::: MATERIAL FOR THIS EXERCISE

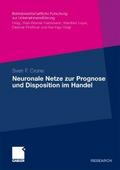 Neuronale Netze zur Prognose und Disposition im Ha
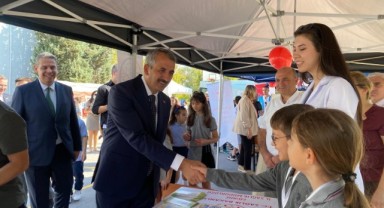 Edirne’de “Sağlıklı Çocuk, Sağlıklı Gelecek” Projesi Başladı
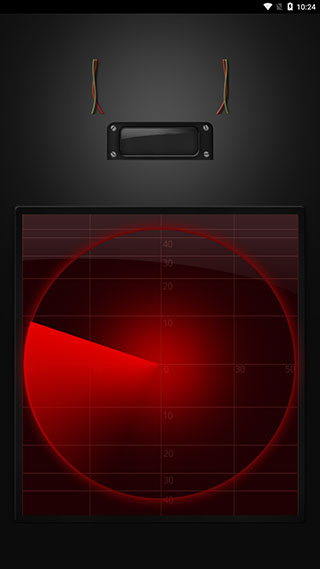 鬼魂探测器中文版 截图2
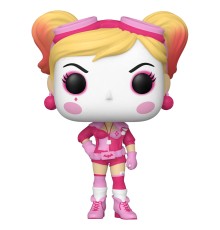 Фигурка Funko POP! Heroes BC Awareness Bombshell Harley 58500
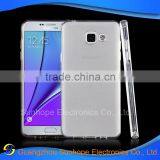 China Manufactur Matte Design Frosted Soft Tpu Case for Samsung A510 A5 2016 Quality Choice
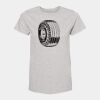 Essential-T Women’s T-Shirt Thumbnail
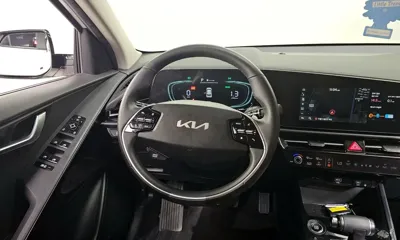 Kia Niro 2022, 100165 км, за 12145.29 USD - фото 13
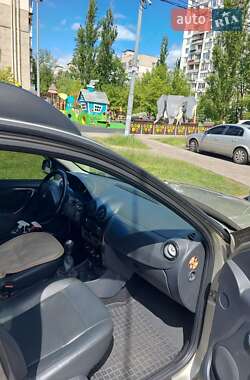 Позашляховик / Кросовер Renault Duster 2012 в 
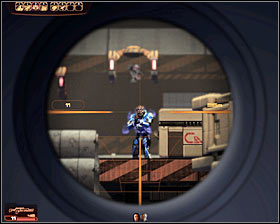 13 - Mass Effect 2: Garrus: Eye for an Eye - walkthrough - Companion quests - Mass Effect 2 Guide & Walkthrough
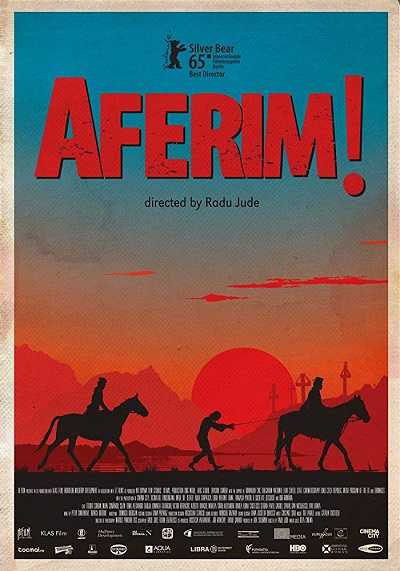 مشاهدة فيلم Aferim! 2015 مترجم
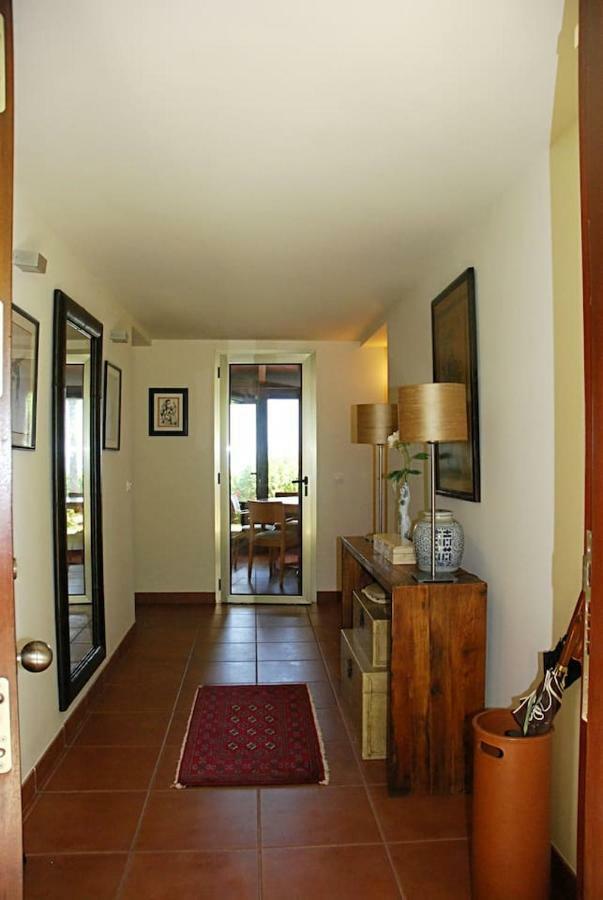 House Sea View Private Garden, 5 People, Optical Fiber Villa Puerto de la Madera Exterior photo
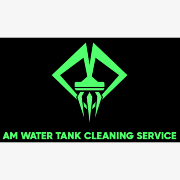AM Water Tank Cleaning Service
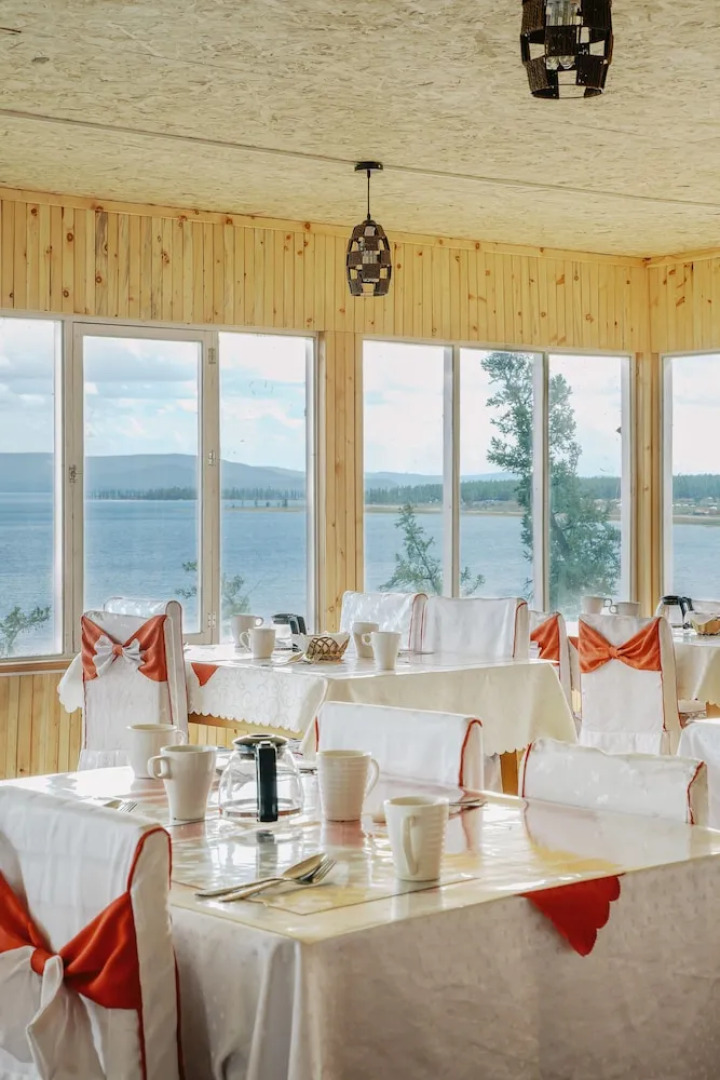 Khuvsgul Bayan-Ulaan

::::::

WHAT THIS TASK INVOLVES: With pictures omitted, restate word for word every line above from the one containing "House Sea View" to the end of the entries.

THE COMPLETED TASK:
 House Sea View Private Garden, 5 People, Optical Fiber Villa Puerto de la Madera Exterior photo
AM Water Tank Cleaning Service
 Khuvsgul Bayan-Ulaan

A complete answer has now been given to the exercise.